Your answer must restate each entry below word for word, with no pictures in it.
##### Provided records
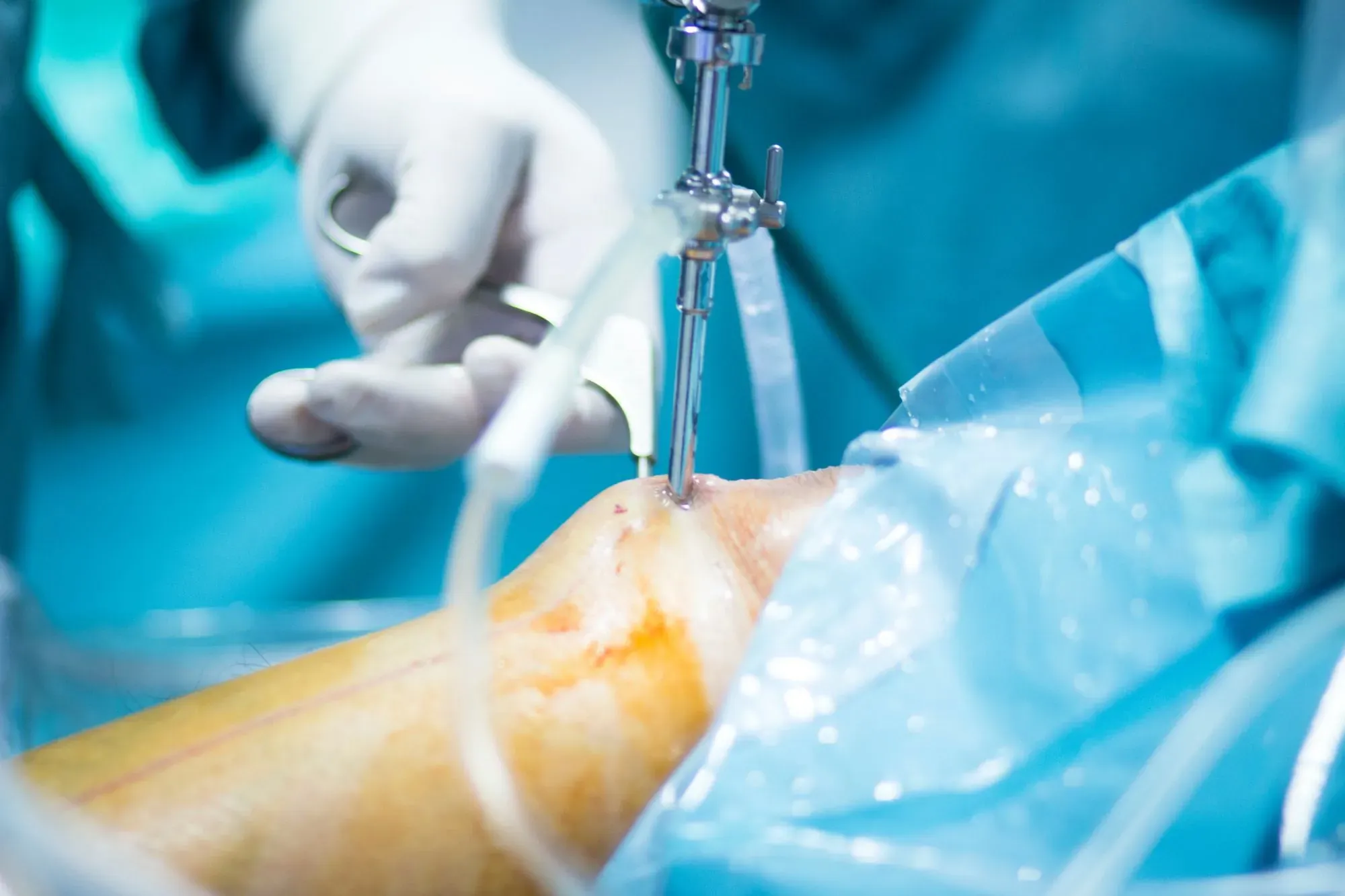Cirurgia Artroscópica
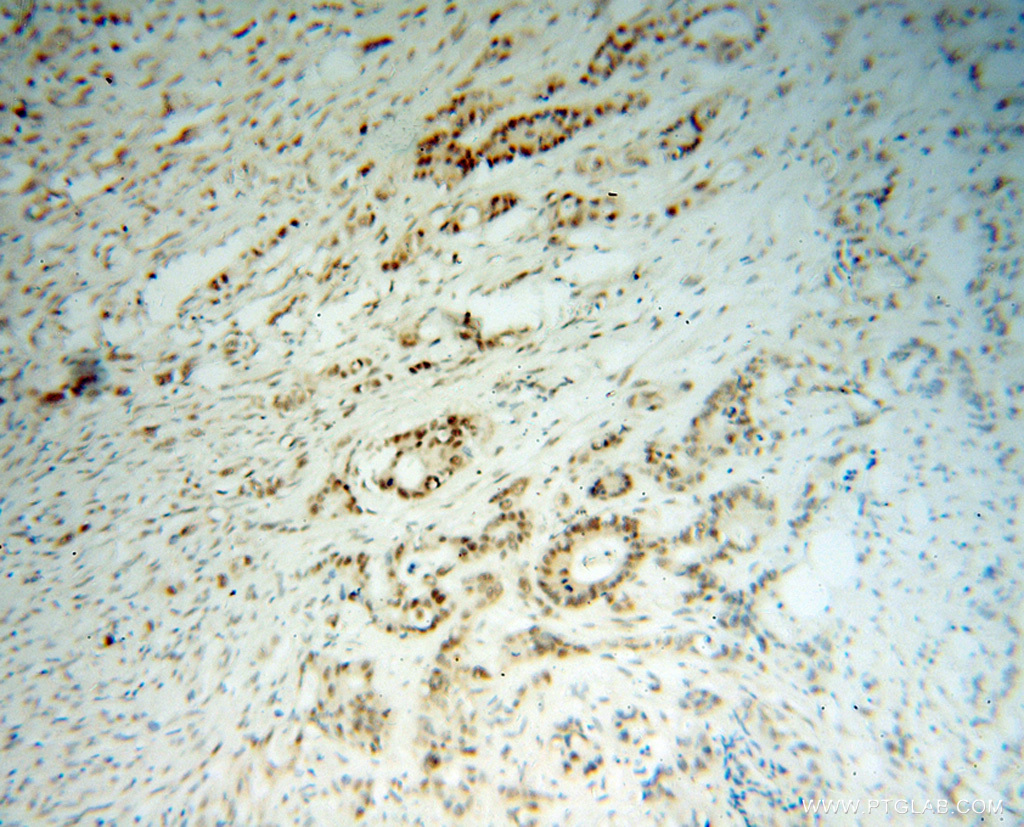 15520-1-AP;human colon cancer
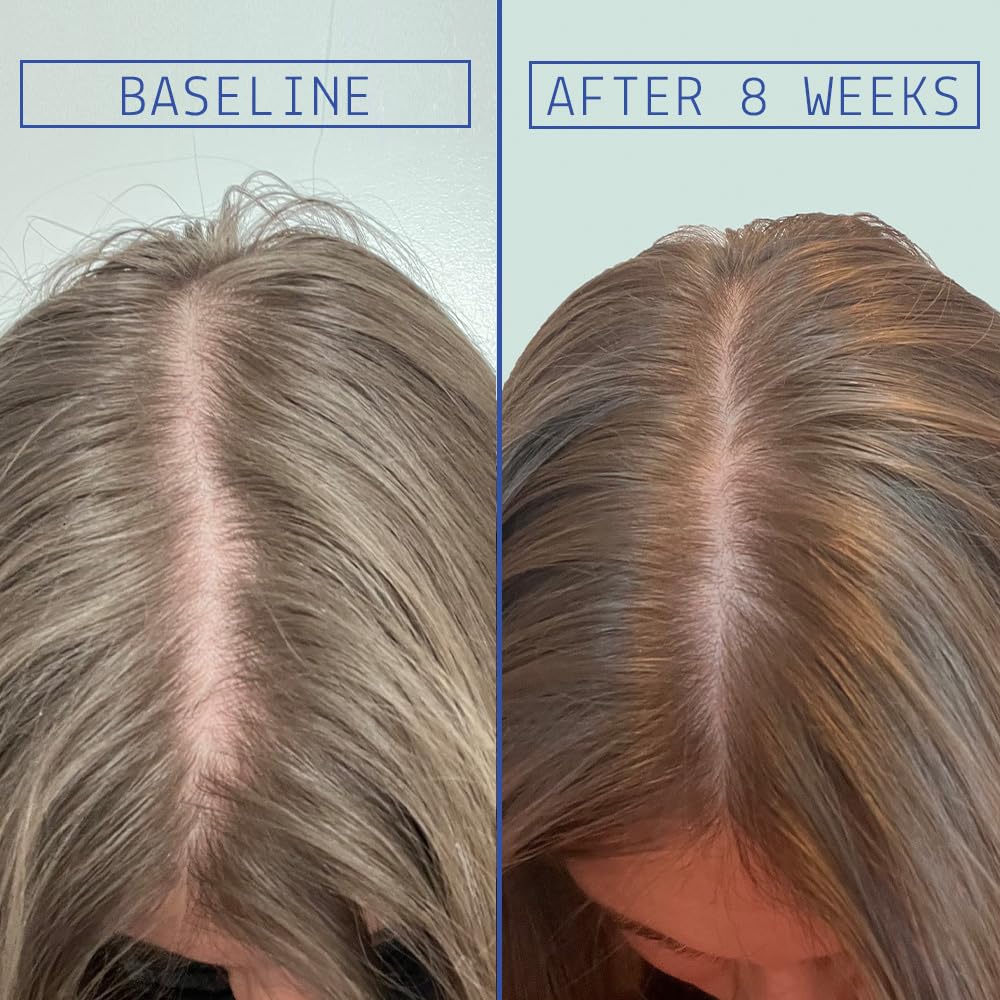 AAVRANI Hair Density Treatment scalp-application demonstrates easy 2-3 drop usage for targeted areas.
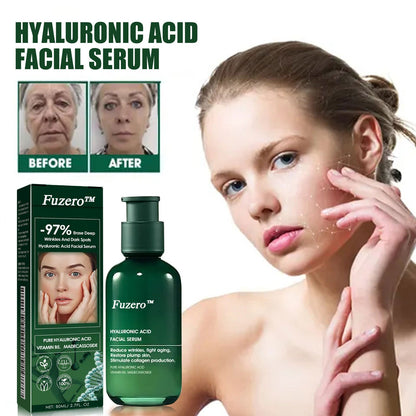 🔥👩‍⚕️Last Day Promotion 𝟕𝟎%𝐎𝐅𝐅 - Fuzero™ SkinFirming Rejuvenating Serum🔥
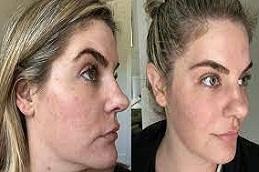 Results of Biorepeel Treatment in Dubai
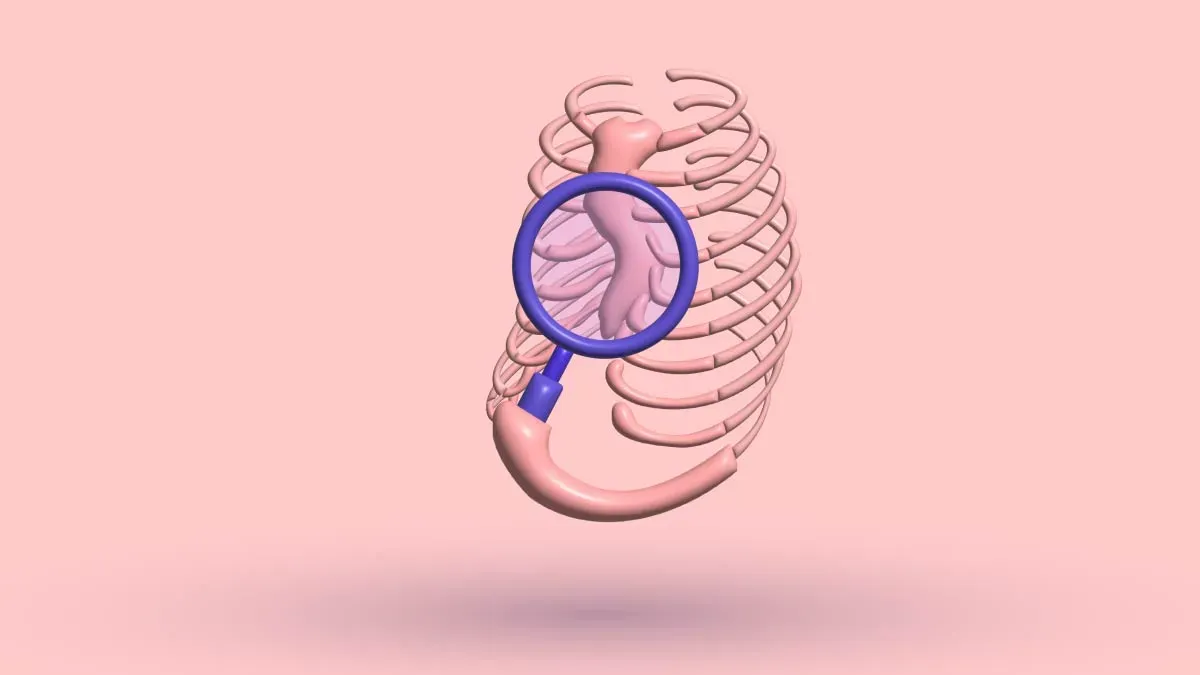 Can You Self-Diagnose Pectus Excavatum Visually?: Tips
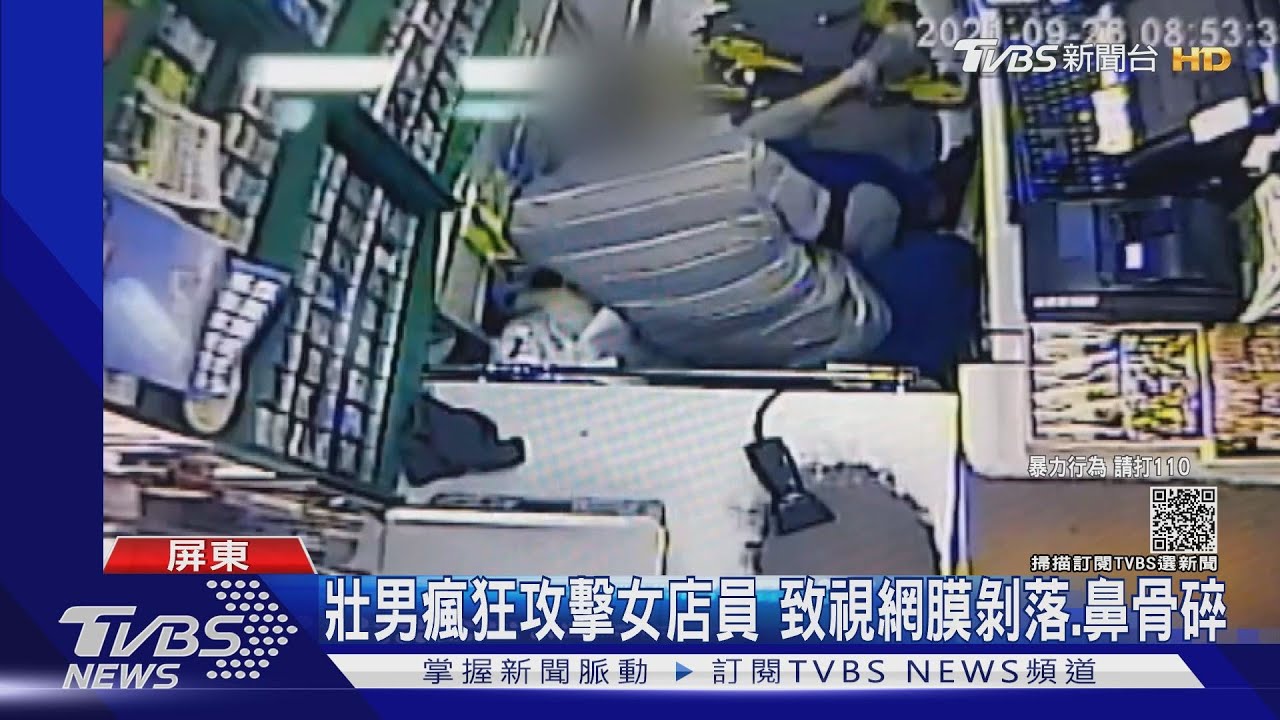 太可惡!壯男瘋狂攻擊女店員 導致視網膜剝落、鼻骨碎裂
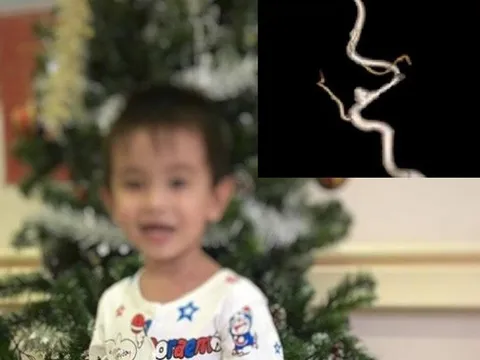 Cứu sống thành công bé trai 3 tuổi bị đột quỵ trong lúc đang chơi với bạn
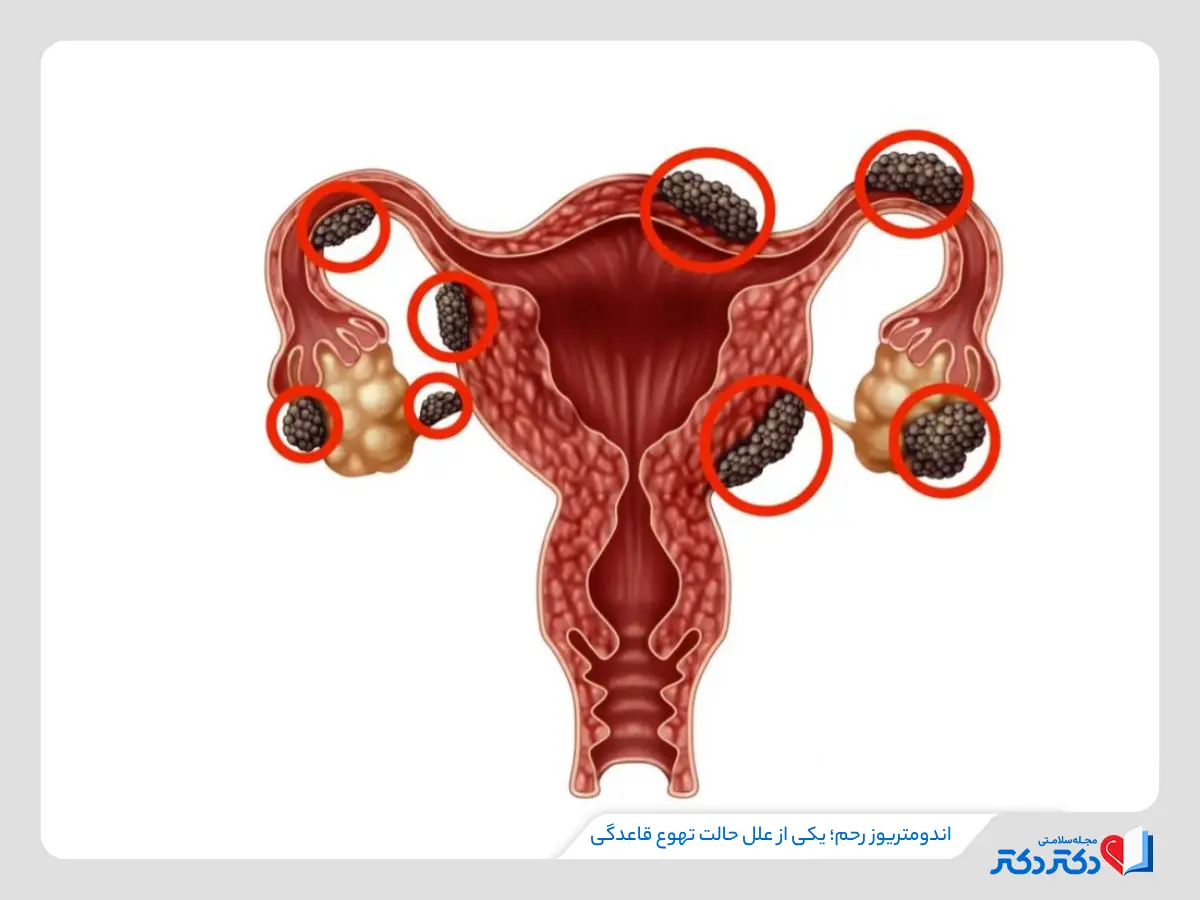 تصویر بافت اندومترویز روی نقاط مختلف رحم و اثر آن روی حالت تهوع قاعدگی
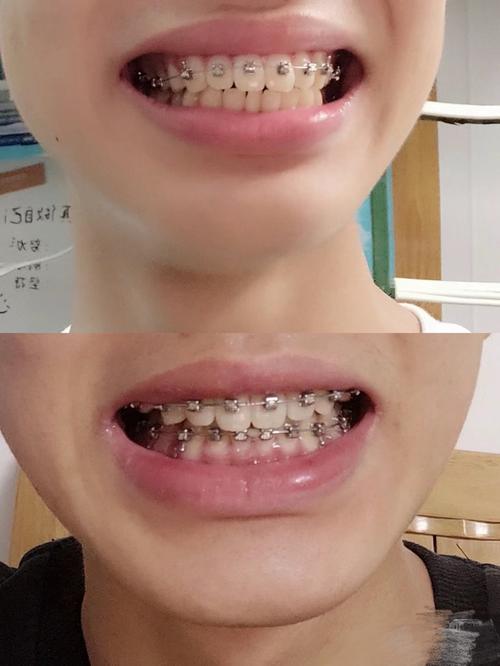 牙齿矫正钢丝脱落了，该怎么处理？-图1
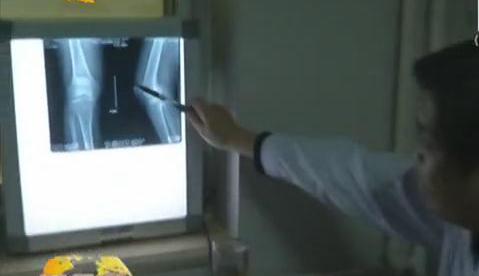 冷空氣來襲 如何預(yù)防老寒腿？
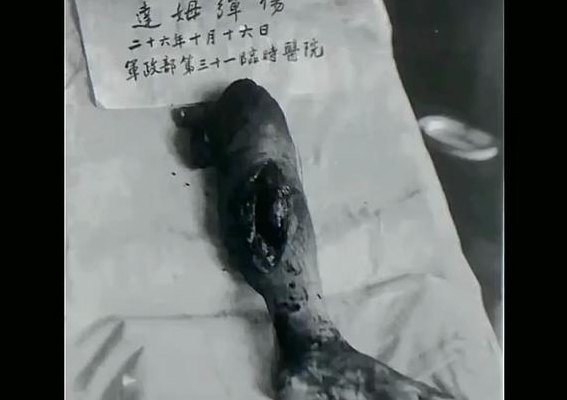 达姆弹伤口图片（达姆弹长什么样子）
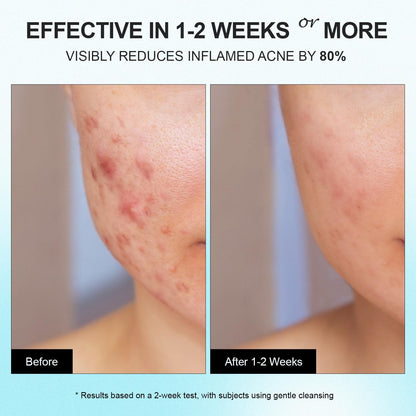 Natural Acne Treatment Gel Cream with 10% Azelaic Acid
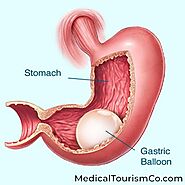 Bariatric Surgery in Mexicali, Mexico | Safe, Affordable WLS in Mexico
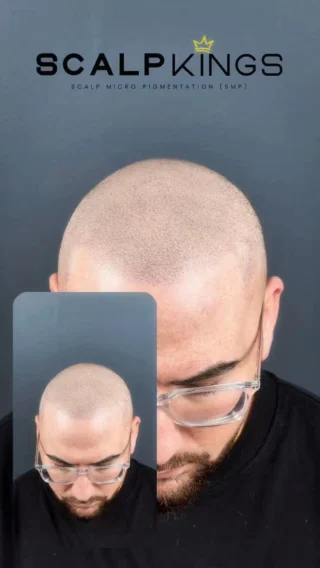 Instagram post from scalpkings. This post is in position 18.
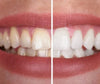 Whitening Teeth Paint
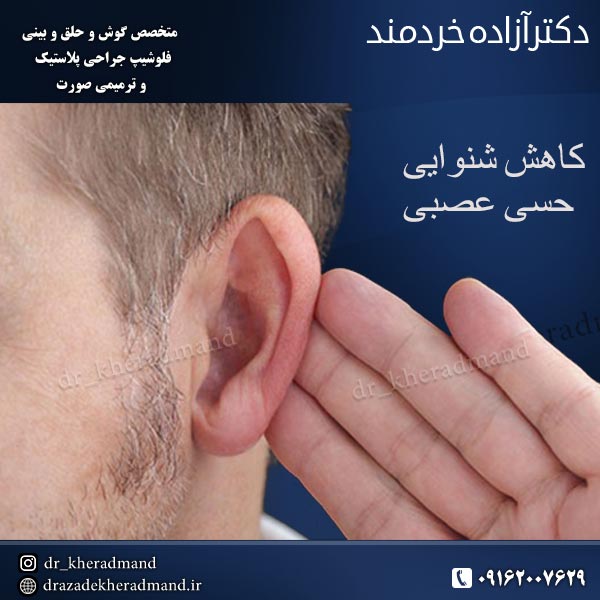 کاهش شنوایی حسی عصبی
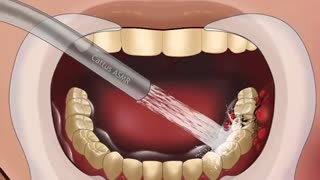 SATISFYING ASMR ( TREATMENT OF SEVERE TOOTH DECAY) @Satisfying_ ASMR _Animations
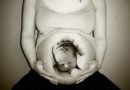 5 Weird Cases of Pregnancy You’ll Never Believe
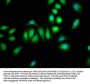 PNPLA8 Antibody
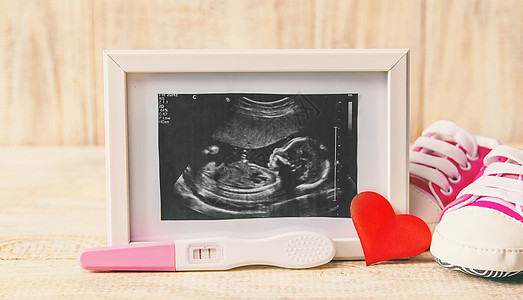 婴儿的照片和配件的超音速照片 有选择的聚焦点新生怀孕技术男生女士子宫扫描超声胎儿声呐图片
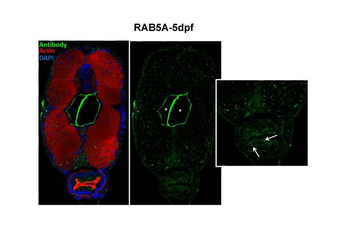 RAB5A Rabbit Polyclonal Antibody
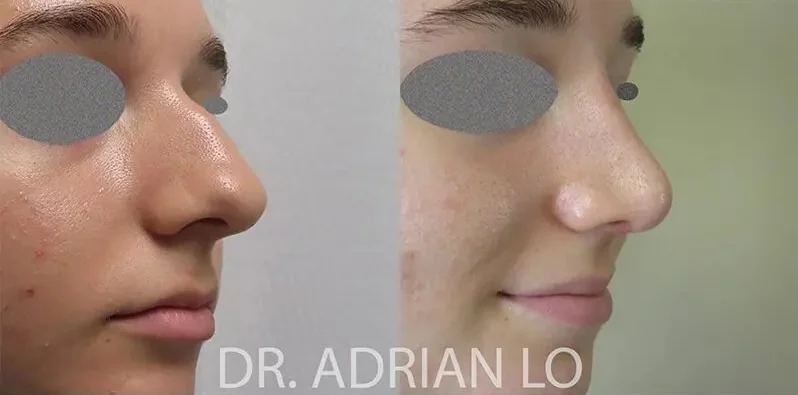 image of before and after rhinoplasty in Cherry Hill results in a young patient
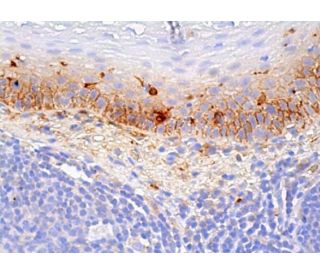 Fc &epsilon; RI&alpha; Antibody (1F2A9) - Immunohistochemistry - Image 384185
##########
◆ Completed task ◆
Cirurgia Artroscópica
 15520-1-AP;human colon cancer
 AAVRANI Hair Density Treatment scalp-application demonstrates easy 2-3 drop usage for targeted areas.
 🔥👩‍⚕️Last Day Promotion 𝟕𝟎%𝐎𝐅𝐅 - Fuzero™ SkinFirming Rejuvenating Serum🔥
 Results of Biorepeel Treatment in Dubai
 Can You Self-Diagnose Pectus Excavatum Visually?: Tips
 太可惡!壯男瘋狂攻擊女店員 導致視網膜剝落、鼻骨碎裂
 Cứu sống thành công bé trai 3 tuổi bị đột quỵ trong lúc đang chơi với bạn
 تصویر بافت اندومترویز روی نقاط مختلف رحم و اثر آن روی حالت تهوع قاعدگی
 牙齿矫正钢丝脱落了，该怎么处理？-图1
 冷空氣來襲 如何預(yù)防老寒腿？
 达姆弹伤口图片（达姆弹长什么样子）
 Natural Acne Treatment Gel Cream with 10% Azelaic Acid
 Bariatric Surgery in Mexicali, Mexico | Safe, Affordable WLS in Mexico
 Instagram post from scalpkings. This post is in position 18.
 Whitening Teeth Paint
 کاهش شنوایی حسی عصبی
 SATISFYING ASMR ( TREATMENT OF SEVERE TOOTH DECAY) @Satisfying_ ASMR _Animations
 5 Weird Cases of Pregnancy You’ll Never Believe
 PNPLA8 Antibody
 婴儿的照片和配件的超音速照片 有选择的聚焦点新生怀孕技术男生女士子宫扫描超声胎儿声呐图片
 RAB5A Rabbit Polyclonal Antibody
 image of before and after rhinoplasty in Cherry Hill results in a young patient
 Fc &epsilon; RI&alpha; Antibody (1F2A9) - Immunohistochemistry - Image 384185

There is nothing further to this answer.